The city has dropped its Integrated Mobility Plan (IMP), a hefty 193-page document designed to help Halifax achieve its Regional Plan target of reducing the share of trips we all make in private vehicles. In 2006, council set a goal to reduce vehicle trips down to 70 per cent of trips by 2031, but in the past decade, we have been headed in the opposite direction.

The recently released 2016 census showed a slight increase in private car mode share, up to 77.7 per cent.

Council will discuss the plan at Tuesday’s Committee of the Whole section of the meeting, which means all councillors will get to weigh in on the plan with looser limits on speaking time than at the standard part of the council meeting.
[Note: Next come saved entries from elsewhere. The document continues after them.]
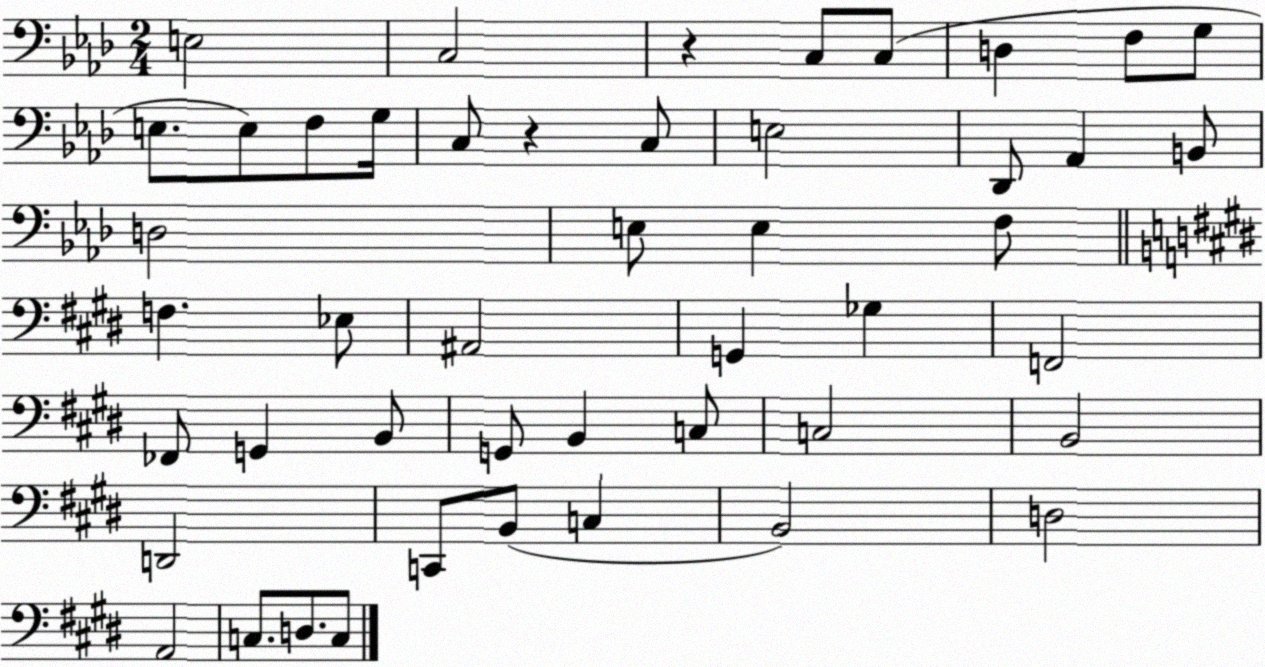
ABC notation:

X:1
T:Untitled
M:2/4
L:1/4
K:Ab
E,2 C,2 z C,/2 C,/2 D, F,/2 G,/2 E,/2 E,/2 F,/2 G,/4 C,/2 z C,/2 E,2 _D,,/2 _A,, B,,/2 D,2 E,/2 E, F,/2 F, _E,/2 ^A,,2 G,, _G, F,,2 _F,,/2 G,, B,,/2 G,,/2 B,, C,/2 C,2 B,,2 D,,2 C,,/2 B,,/2 C, B,,2 D,2 A,,2 C,/2 D,/2 C,/2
First things first: this is a priorities plan, not a legal municipal bylaw. Even if council endorses it whole hog with no changes on Tuesday, its chances of actually being implemented will come from later decisions, mostly having to do with what we pay for, and how and when we pay for it.

That doesn’t mean there won’t be a lot to discuss Tuesday. Right in the plan’s basic principles, there are some ideas that will be hard for some Halifax residents, and possibly councillors, to swallow.

Things like “focus on moving people and goods instead of vehicles” sound pretty common sensical. Likewise, the principles calling for “complete communities” and “integrated solutions” sound innocuous, but contain elements that are very different than the current norm in Halifax engineering and design.

The “complete communities” principle essentially means it matters how and where we build things. Turns out, we’ve been been doing it wrong.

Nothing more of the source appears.